Methods for ITC delineation have been continuously developed ever since dense point clouds from ALS became available in the late 1990s. Most approaches have been based on interpolation of a surface model from the point cloud, but various methods to utilize the whole point cloud are also common. Methods based on surface models are robust and can delineate a large fraction of the tree crowns in the top-most canopy, especially in boreal coniferous forest. However, interpolation of the point cloud also means that some information is lost. Methods that utilize the whole point cloud provide more information about trees and shrubs below the top-most canopy, but generally require more parameters and pose a greater risk of dividing tree crowns into more than one segment. The choice of method depends on the application and whether the primary goal is to accurately describe the tallest trees in the top-most canopy or to derive information also about smaller trees below the top-most canopy. For some applications such as logging or biomass assessment, the tallest trees are most important, but for applications such as understory regeneration or habitat analysis, the smaller trees are also of interest. A surface model describes the top-most canopy and the delineation methods that have been used, for example watershed segmentation, make use of geometrical properties of the tree crowns (i.e., that the treetop is the highest point of a tree and the surrounding tree crown height gradually decreases). Most surface methods also include selection of an appropriate scale. However, most 3D methods have not used knowledge about the geometrical properties of the tree crowns and have not included scale selection. Therefore, there is still a challenge to develop such methods to make optimal use of the information from the whole point cloud.

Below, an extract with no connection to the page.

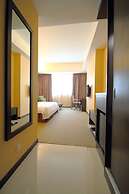 Ixora Hotel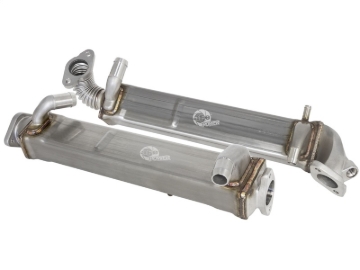 Picture of aFe Power BladeRunner EGR Cooler Combo 08-10 Ford Diesel Trucks V8-6.4L (td)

The ongoing rapid sensor development will make collection of dense 3D point clouds faster and cheaper. This means that dense point clouds will probably be available for larger areas, which will enable delineation of individual tree crowns. This will have importance for mapping of forests and vegetation in general. Information that can be derived with higher accuracy from ITC delineation includes estimates of the height or diameter distribution and the tree species. Recent technical development also includes a multispectral ALS system, which will probably enable more accurate tree species classification. Additionally, development of new airborne and space-borne optical sensors will make high-resolution images more common and enable derivation of dense point clouds by stereo-photogrammetric techniques, which will provide users with more frequently updated 3D models.